The 2026 Horizon League Men's Basketball Tournament was the final event of the 2025–26 men's basketball season for the Horizon League. It was held from March 2–10, 2026; play-in and first-round games were played at the home courts of the better seeds, with all remaining games held at Corteva Coliseum in Indianapolis, Indiana. The winner, Wright State, received the conference's automatic berth into the NCAA Tournament. The tournament was sponsored by Barbasol for the fourth consecutive year.

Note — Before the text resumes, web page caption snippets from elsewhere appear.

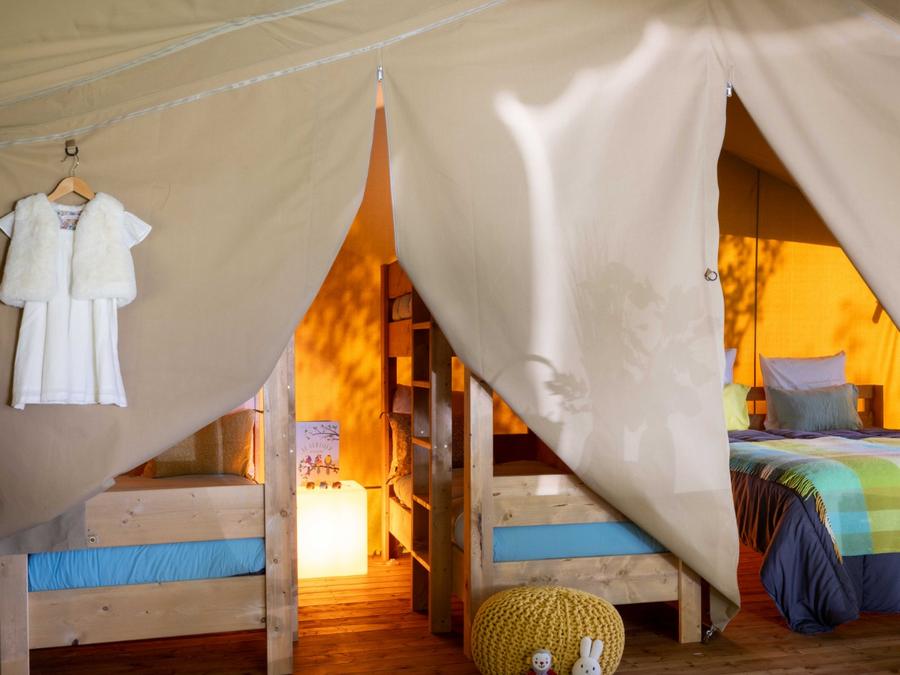 Tente en toile et en bois 4 personnes - Safari Lodge - 2 chambres + Frigidaire + Terrasse 3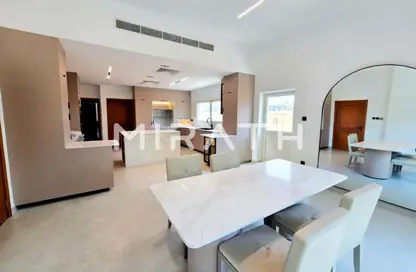 Villa - 5 Bedrooms - 6 Bathrooms for rent in Jumeirah 3 Villas - Jumeirah 3 - Jumeirah - Dubai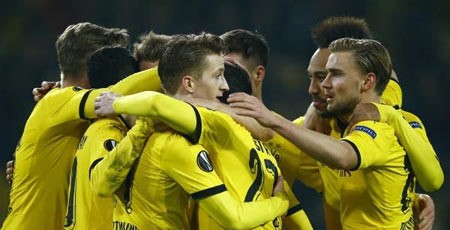 دورتموند يقسو على توتنهام ويقترب من ربع نهائي الدوري الأوروبي 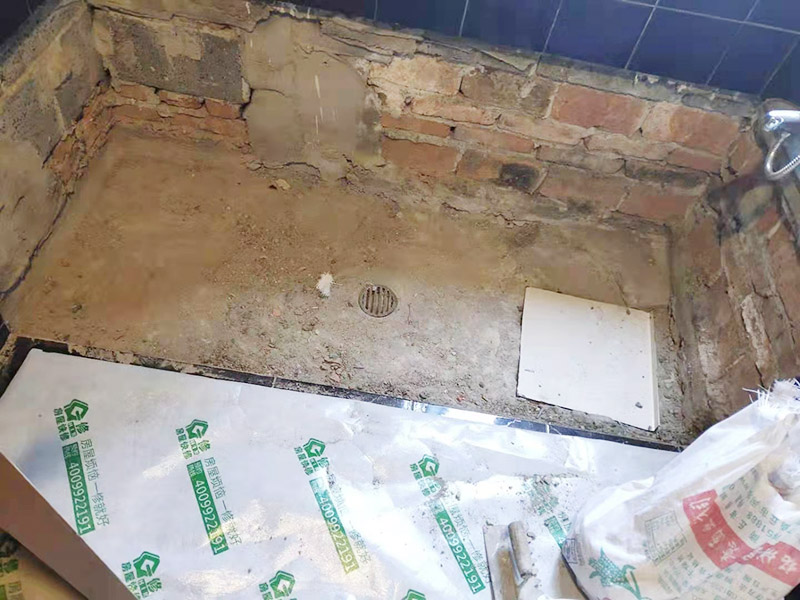 浴缸防水安裝施工：在安放浴缸時(shí)注意下水口的另一端要略高于下水口的一端，以便將來(lái)排污不暢。這一點(diǎn)要因情況而定。鑄鐵的浴缸雖然結(jié)實(shí)，但其導(dǎo)熱性非常的快，應(yīng)使用中河沙，在浴缸的底部鋪牢、砸實(shí)。 浴缸裙的貼磚是不需要抓毛的，砌好紅磚的臺(tái)子，在表面抹一層水泥砂漿，然后等兩天再來(lái)貼磚即可，貼磚很麻煩，由于地面留了坡度，而浴缸是平的，所以每一塊大磚都要打磨成不同的尺寸，不可以一次打磨很多，容易磨多了，要反復(fù)磨。磚的上邊要塞入浴缸的圓邊下，這樣才不會(huì)形成陽(yáng)角。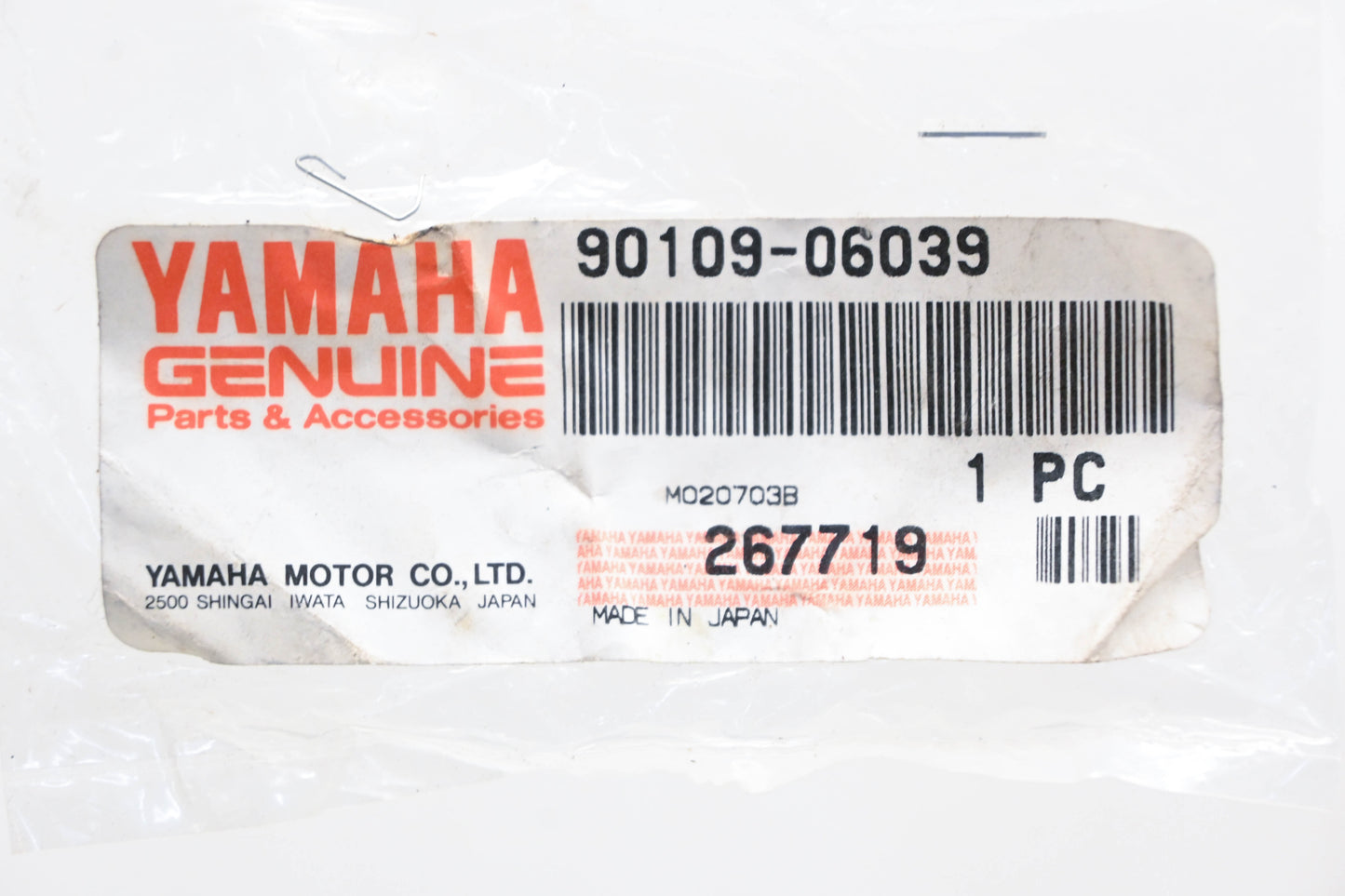 New OEM Yamaha 90109-06039-00 Bolt NOS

The tournament adopted a new format in 2026; instead of a traditional eleven-team single elimination bracket, the new format included reseeding after each round. The event started on campus sites with a play-in round for the bottom two teams (by conference record), followed by a ten-team first round. The five remaining teams then advanced to the final three rounds held at Corteva Coliseum. The bottom two teams by seeding played in the second round, while the other three teams were forwarded into the semifinals, with those winners advancing to the final.

==Seeds==
All of the teams in the league participated in the tournament, with the bottom two teams starting in the play-in round. The bracket was reset after each round so that the highest remaining seed always played the lowest.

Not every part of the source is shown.